Am 18. März 1946 zogen 90 Buben mit ihren Lehrern in das heutige Haupthaus des evangelischen Internats im mittelfränkischen Windsbach. Kurz danach gründete der Musikpräfekt Hans Thamm den Knabenchor. Aus dem "Provinzchörle" der 50er-Jahre ist mittlerweile einer der angesehensten Knabenchöre der Welt geworden.

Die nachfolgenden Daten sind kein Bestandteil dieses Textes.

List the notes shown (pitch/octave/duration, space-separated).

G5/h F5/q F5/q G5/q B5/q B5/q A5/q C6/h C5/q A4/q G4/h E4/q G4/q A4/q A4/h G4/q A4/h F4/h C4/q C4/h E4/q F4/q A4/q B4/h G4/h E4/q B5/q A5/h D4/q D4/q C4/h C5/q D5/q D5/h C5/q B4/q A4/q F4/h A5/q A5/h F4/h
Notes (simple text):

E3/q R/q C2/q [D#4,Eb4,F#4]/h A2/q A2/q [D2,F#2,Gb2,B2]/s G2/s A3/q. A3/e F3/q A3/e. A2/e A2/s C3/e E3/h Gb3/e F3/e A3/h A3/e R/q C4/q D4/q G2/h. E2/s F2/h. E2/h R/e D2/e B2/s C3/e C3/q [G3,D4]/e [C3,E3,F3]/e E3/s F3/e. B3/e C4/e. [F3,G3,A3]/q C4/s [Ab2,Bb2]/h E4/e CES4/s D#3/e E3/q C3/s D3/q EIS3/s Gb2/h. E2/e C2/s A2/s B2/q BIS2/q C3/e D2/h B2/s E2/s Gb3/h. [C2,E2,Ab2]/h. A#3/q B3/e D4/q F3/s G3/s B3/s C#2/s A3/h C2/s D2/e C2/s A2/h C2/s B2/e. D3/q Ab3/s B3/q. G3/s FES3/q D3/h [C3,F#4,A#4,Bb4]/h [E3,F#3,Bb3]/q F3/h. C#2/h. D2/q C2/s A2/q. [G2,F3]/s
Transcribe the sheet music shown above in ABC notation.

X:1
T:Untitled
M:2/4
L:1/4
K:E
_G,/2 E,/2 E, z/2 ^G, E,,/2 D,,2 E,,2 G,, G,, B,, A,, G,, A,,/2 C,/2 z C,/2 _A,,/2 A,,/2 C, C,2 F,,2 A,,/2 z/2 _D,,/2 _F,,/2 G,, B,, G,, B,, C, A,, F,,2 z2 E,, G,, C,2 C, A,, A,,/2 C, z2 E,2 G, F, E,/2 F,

Windsbacher Knabenchor | Bildquelle: © Mila Pavan

Bildquelle: © Mila Pavan

Sie begleiteten mehrere Bundespräsidenten auf ihren Auslandsreisen - als musikalische Botschafter Deutschlands. Sie singen im Münchner Herkulessaal ebenso wie in kleinen Dorfkirchen beim Sonntagsgottesdienst: die Jungs des Windsbacher Knabenchors. Der Chor gehört zum Evangelisch-Lutherischen Studienheim in Windsbach. Wie die berühmten Thomaner, die einst von Johann Sebastian Bach unterrichtet wurden, leben und lernen die Windsbacher Schüler im Internat. Die Chorarbeit ist eingebunden in einen umfassenden Bildungsansatz, bei dem die Musik mit der schulischen Bildung einhergeht.

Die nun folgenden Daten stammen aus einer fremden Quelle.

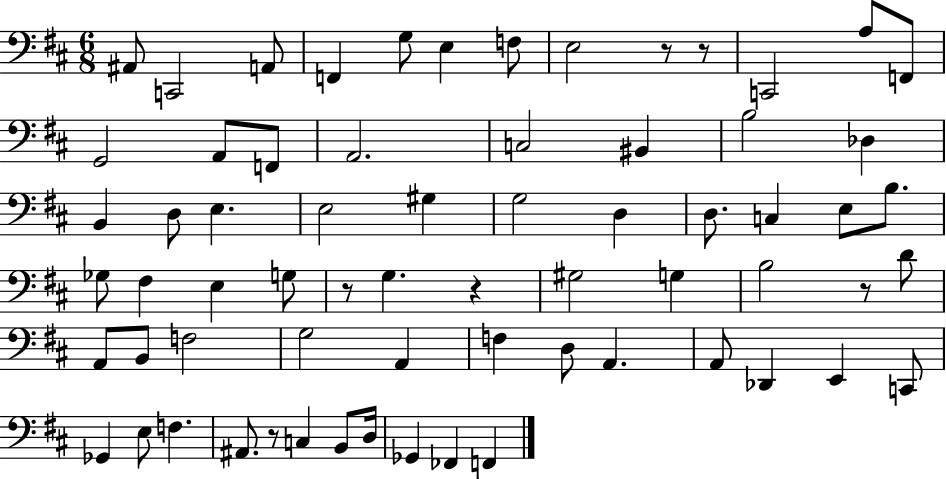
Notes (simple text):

A#2/e C2/h A2/e F2/q G3/e E3/q F3/e E3/h R/e R/e C2/h A3/e F2/e G2/h A2/e F2/e A2/h. C3/h BIS2/q B3/h Db3/q B2/q D3/e E3/q. E3/h G#3/q G3/h D3/q D3/e. C3/q E3/e B3/e. Gb3/e F#3/q E3/q G3/e R/e G3/q. R/q G#3/h G3/q B3/h R/e D4/e A2/e B2/e F3/h G3/h A2/q F3/q D3/e A2/q. A2/e Db2/q E2/q C2/e Gb2/q E3/e F3/q. A#2/e. R/e C3/q B2/e D3/s Gb2/q FES2/q F2/q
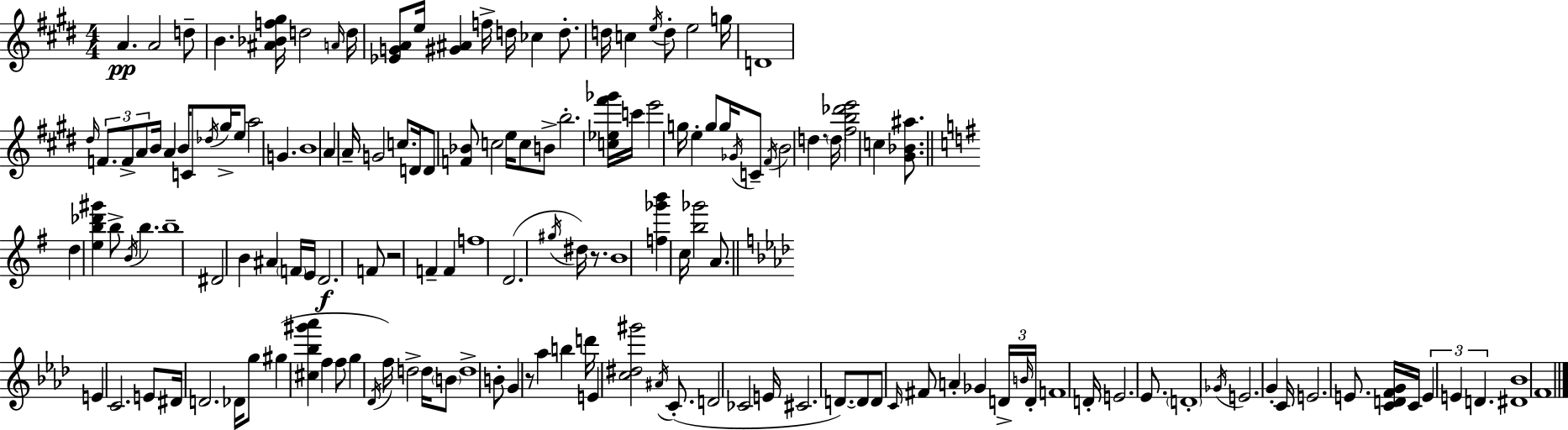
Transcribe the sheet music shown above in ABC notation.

"Jede Stimmgruppe ist in sich so homogen ausbalanciert und zugleich so fein ausdrucksvoll, dass es schlicht begeistert," schrieb Klaus Kalchschmid in der Süddeutschen Zeitung über die Windsbacher. Berühmte Dirigenten wie Kent Nagano und Ensembles wie das Deutsche Symphonie-Orchester Berlin oder das Symphonieorchester des Bayerischen Rundfunks arbeiten immer wieder mit dem Chor zusammen. Seit der Gründung drücken die Chorleiter dem Gesamtklang ihren persönlichen Stempel auf. Nach Hans Thamm folgte 1978 die Ära von Karl-Friedrich Beringer, der den Chor 34 Jahre lang prägte. 2012 hat Martin Lehmann die Leitung übernommen, der in seiner Jugend Sänger des weltberühmten Dresdner Kreuzchors war.

Misshandlungsvorwürfe

2010 geriet der Windsbacher Knabenchor in die Kritik, nachdem ehemalige Internatsschüler Vorwürfe gegen den Chorgründer Hans Thamm wegen angeblicher Misshandlungen in den 1950er und 1960er-Jahren erhoben. Bereits 2005 waren Vorwürfe wegen körperlicher und seelischer Misshandlung gegen Thamms Nachfolger Karl-Friedrich Beringer laut geworden. Die Staatsanwaltschaft ermittelte und entlastete den Chorleiter schließlich.